Note that each call to the function solve(n) returns a string - a rule-abiding mathematical expression evaluating to \(n\). Here’s the output for \(0 < n < 7\):

\(n\) Expression
\(1\) \(1\)
\(2\) \(1*2\)
\(3\) \((-(1) + 2) * 3\)
\(4\) \((-(1*2) + 3) * 4\)
\(5\) \((-((-(1) + 2) * 3) + 4) * 5\)
\(6\) \((-((-(1*2) + 3) * 4) + 5) * 6\)

Hopefully it’s clear that everything within the brackets on the left evalutes to \(1\), which is multiplied by the final term on the right (\(n\)).

Neato!

Failed Attempts

This section contains a couple interesting but not-quite-right solutions I thought worth mentioning. Feel free to stop reading: you’ve had the main course.

Gauss summation

Finally, if you’re interested, here is my first (failed) attempt at solving this puzzle. The first thing that came to mind when I saw it was Gauss’ summation trick, where numbers in the sequence \(1..n\) are paired up.

However, I only got this to work for \(n\) of the form \(n = 4k + 1, k > 0\).

Gauss (apocraphally) proved that the sum of the first \(n\) integers, \(S_n\) has an exact solution:

\[S_n = \frac{n(n+1)}{2}\]

This is done by pairing each number with its counterpart at the other end of the sequence, and summing these pairs. For example, if \(n = 5\), we have the following pairs:

\(i\) pair sum
1 1+5 6
2 2+4 6
3 3+3 6
4 4+2 6
5 5+1 6

This is \(5\) sums each equal to \(6\), for a total of \(n(n+1) = 5 \cdot 6 = 30\). However, we’ve used each number from the sequence exactly twice, so we must divide by 2:

\[S_n = 10 = \frac{n(n+1)}{2} = \frac{4 \cdot 5}{2} = 10\]

Back to our puzzle.

Given some \(n = 4k+1, k > 0\), We can use the same trick of pairing numbers to cancel out every term but the last. Consider \(n = 9\):

\[(-1) + 2 + (-3) + 4 + 5 + (-6) + 7 + (-8) + 9 = 9\]

Here we’ve paired up 8 with 1, 7 with 2, and so on.
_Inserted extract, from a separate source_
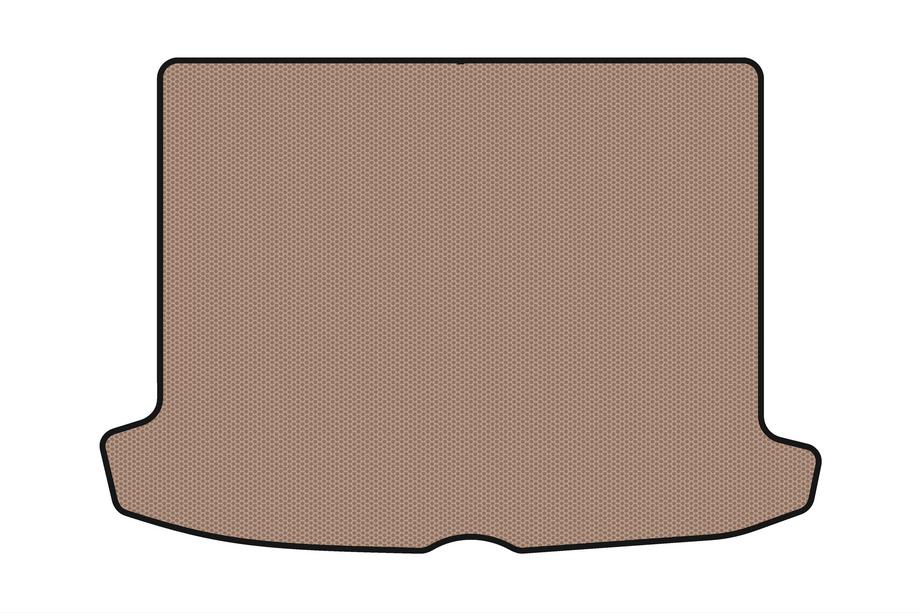 Renault Clio IV 2012–2019 Rubberen kofferbakmat Carsuit V2 (SW, beige) Image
We then pair up the pairs, and negate every other pair so all but the last number cancels to zero.

Rearranging, this is more clear:

\[-(8 + 1) + (7 + 2) - (6 + 3) + (4 + 5) + 9 = 9\]

\[-9 + 9 - 9 + 9 + 9 = 9\]

However, this only works for \(n = 4k + 1\) because you need an even number of pairs to cancel out.

Exponentiation

William Kamovitch also notes that if exponentiation is allowed, there is a trivial solution available for all \(n\):

\[1^{2 + ... + (n-1)} \cdot n = n\]


  1. We need two base cases for the following reason: Suppose we only have a base case for \(n = 1\). Given a proof that \(n+2\) is solvable if \(n\) is, we have only proven the puzzle solvable for all odd numbers: we can prove \(n = 1\) is solvable, then \(n = 3\), and so on. We have to add the extra base case to make sure we can also “iterate” through the even numbers.